▸ What is required
Having located "9000Pa Handheld Car", write out its line and the remaining lines of the material exactly, the last one included, but not the pictures.

▸ Information shown
────────────────────

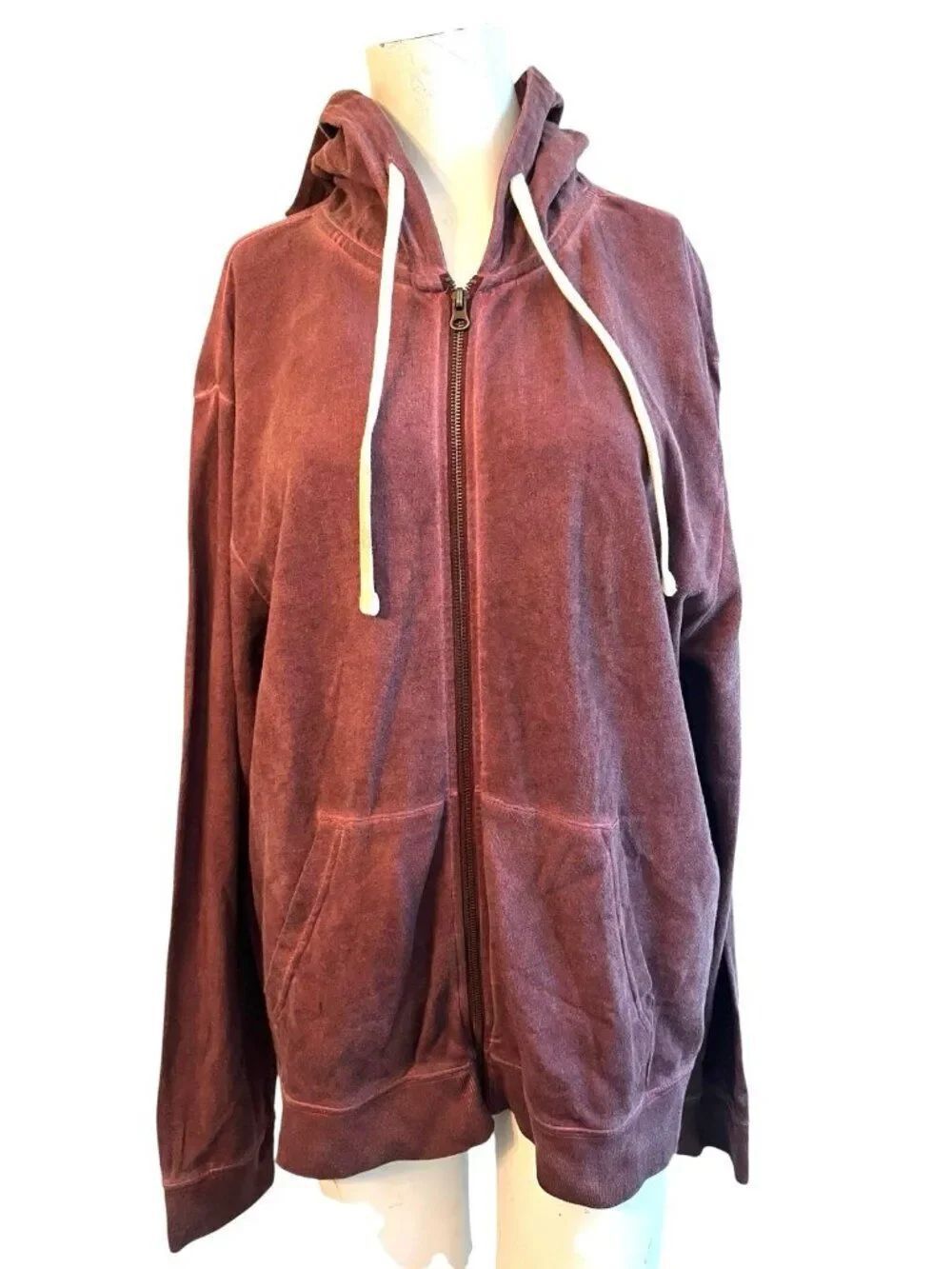 Route 66 Size Large Full Zip Hooded Sweatshirt Sun Washed Faded Burgundy Maroon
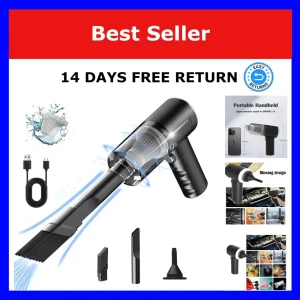 9000Pa Handheld Car Vacuum Cleaner Cordless USB Rechargeable Portable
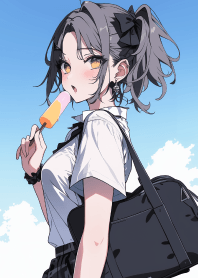 Beautiful girl eats popsicle 11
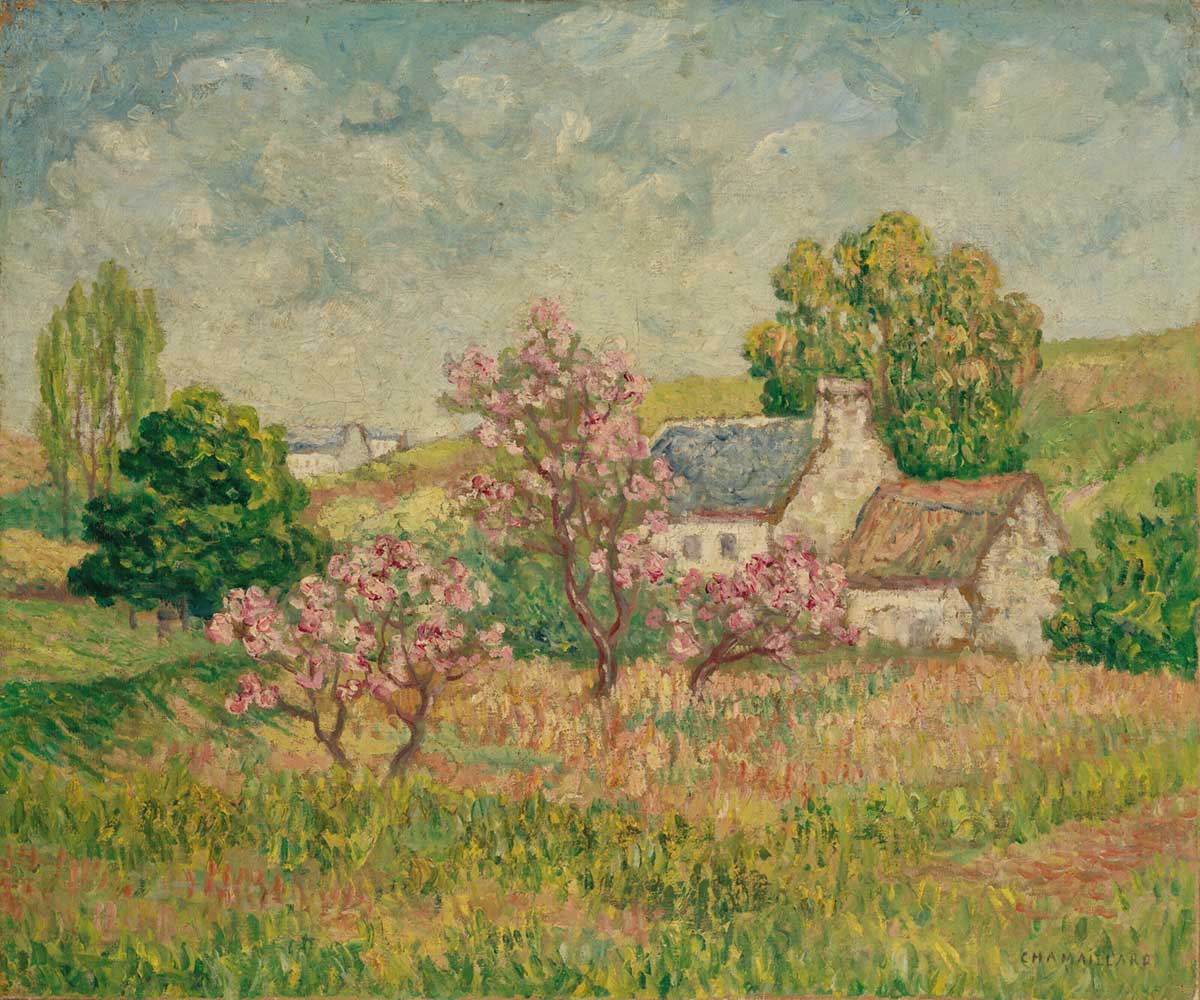 free vintage spring landscape painting by Ernest de Chamaillard entitled "Spring in Pont-Aven (Printemps à Pont-Aven)" for use as free printable wall art spring home decor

────────────────────

▸ Task response
 9000Pa Handheld Car Vacuum Cleaner Cordless USB Rechargeable Portable
 Beautiful girl eats popsicle 11
 free vintage spring landscape painting by Ernest de Chamaillard entitled "Spring in Pont-Aven (Printemps à Pont-Aven)" for use as free printable wall art spring home decor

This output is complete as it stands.